## [Aim of the exercise]
Your task is to return all of the entries below exactly, leaving out each picture.

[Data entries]
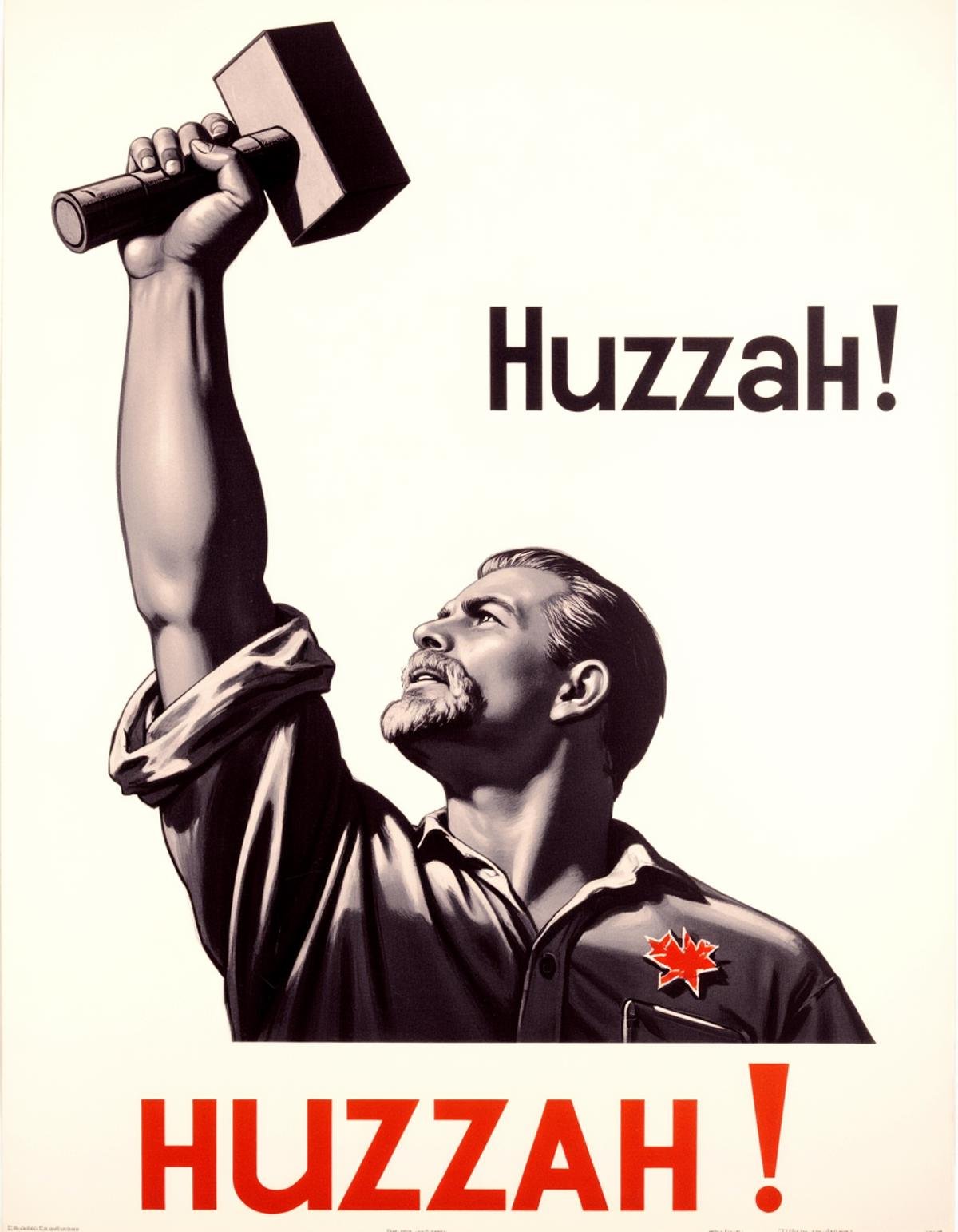 <lora:Soviet_Flux_2:0.9> Soviet poster, soviet style, A man with both hands in the air holding a hammer and sickle, white background, in the black text above says: Huzzah!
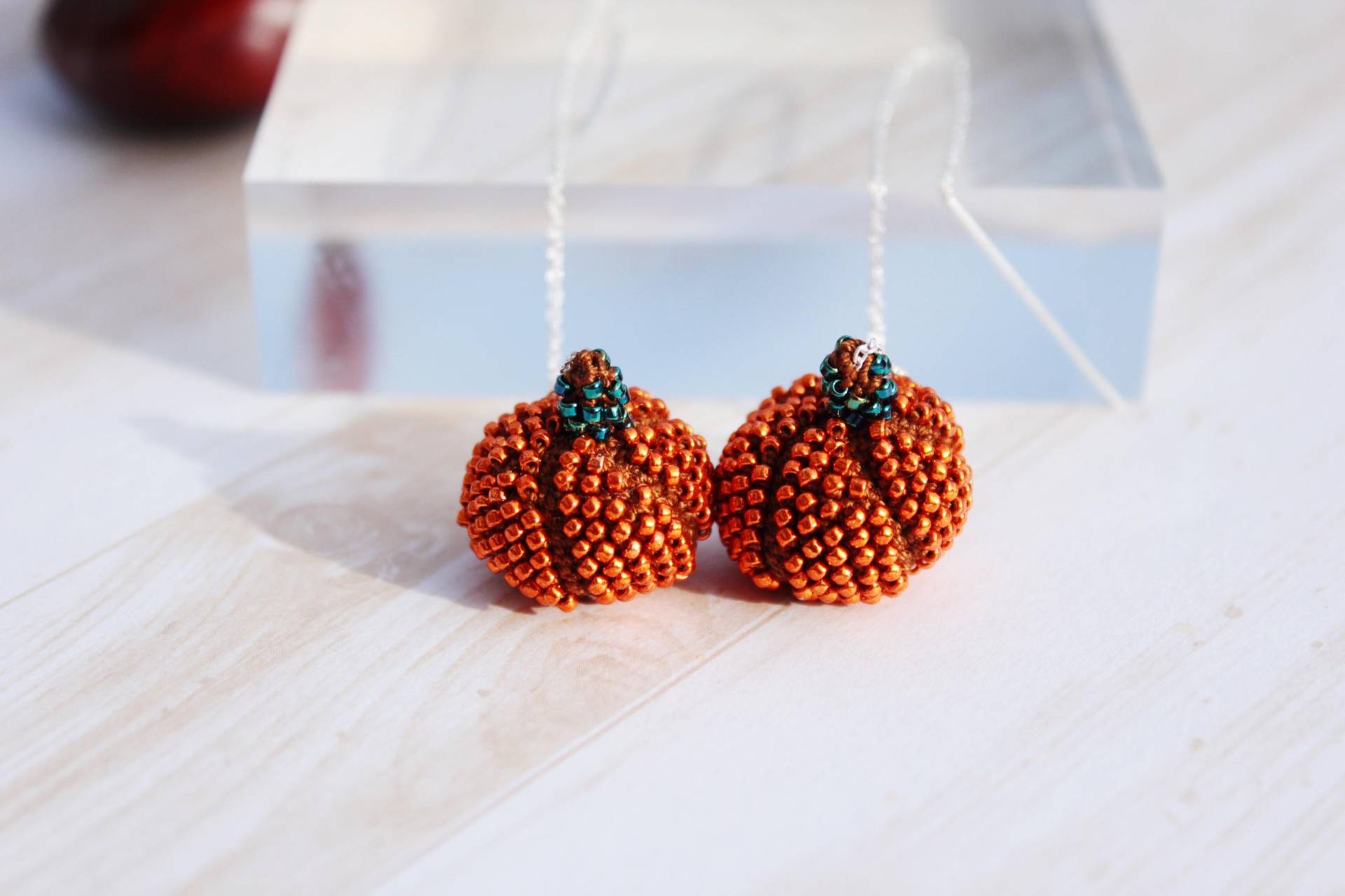 Perlen Kürbis Ohrring Gehäkelt Sterling Silber Threader, Halloween Herbst Schmuck Perlen Kürbis Ohrring Gehäkelt Sterling Silber Threader, Halloween Herbst Schmuck von ModernBeadsVD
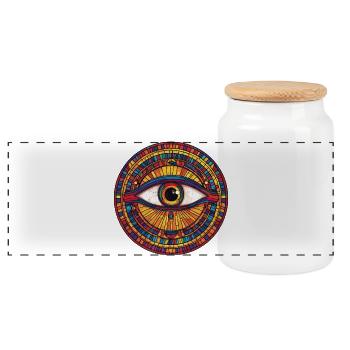 Œil en mosaïque arc-en-ciel - Boîte à biscuits avec couvercle en bois - blanc - Devant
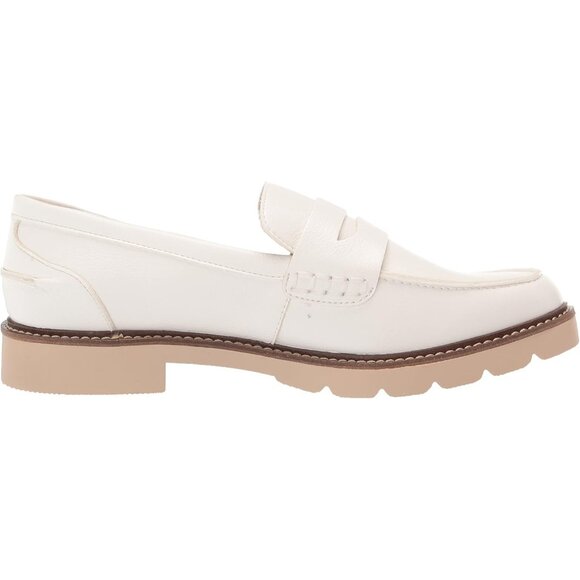 Anne Klein Womens White Rubber Low Chunky Heel Rounded Toe Emmylou Loafer Flat - Picture 6 of 9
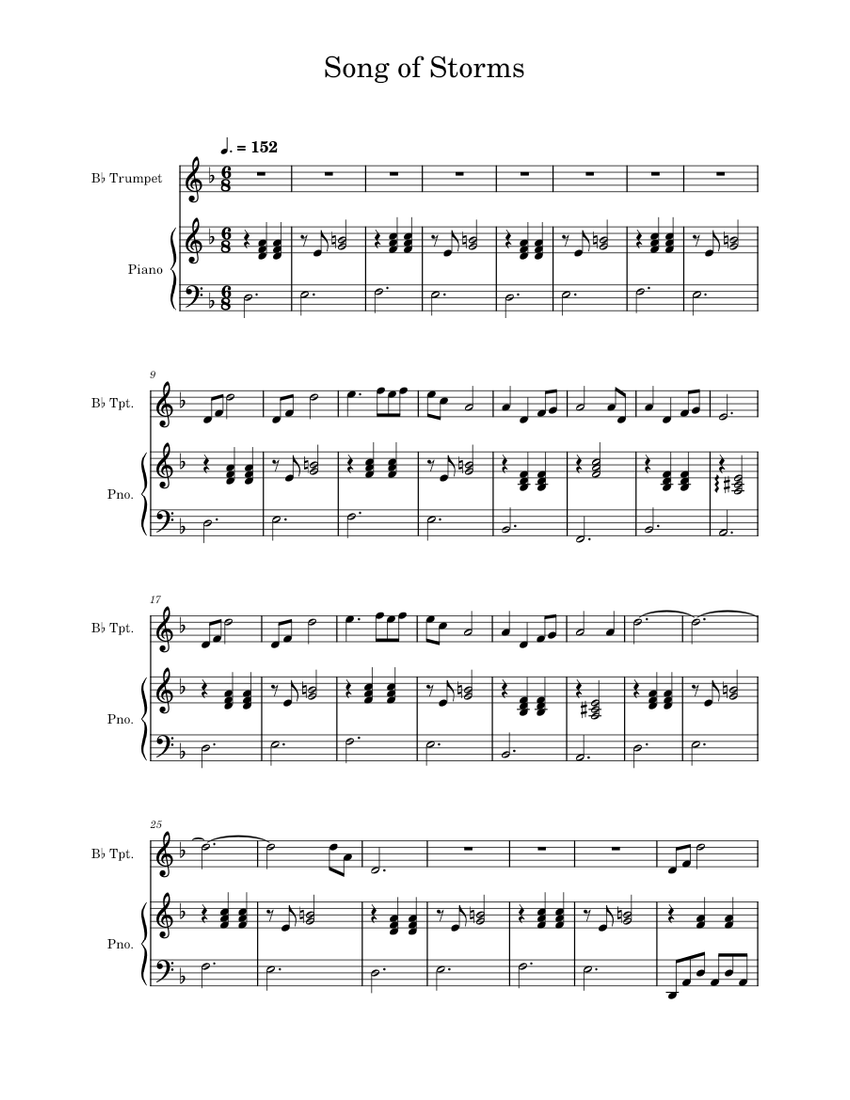 Song of Storms – Koji Kondo Song of Storms Sheet music for Piano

## [Response]
 <lora:Soviet_Flux_2:0.9> Soviet poster, soviet style, A man with both hands in the air holding a hammer and sickle, white background, in the black text above says: Huzzah!
 Perlen Kürbis Ohrring Gehäkelt Sterling Silber Threader, Halloween Herbst Schmuck Perlen Kürbis Ohrring Gehäkelt Sterling Silber Threader, Halloween Herbst Schmuck von ModernBeadsVD
 Œil en mosaïque arc-en-ciel - Boîte à biscuits avec couvercle en bois - blanc - Devant
 Anne Klein Womens White Rubber Low Chunky Heel Rounded Toe Emmylou Loafer Flat - Picture 6 of 9
 Song of Storms – Koji Kondo Song of Storms Sheet music for Piano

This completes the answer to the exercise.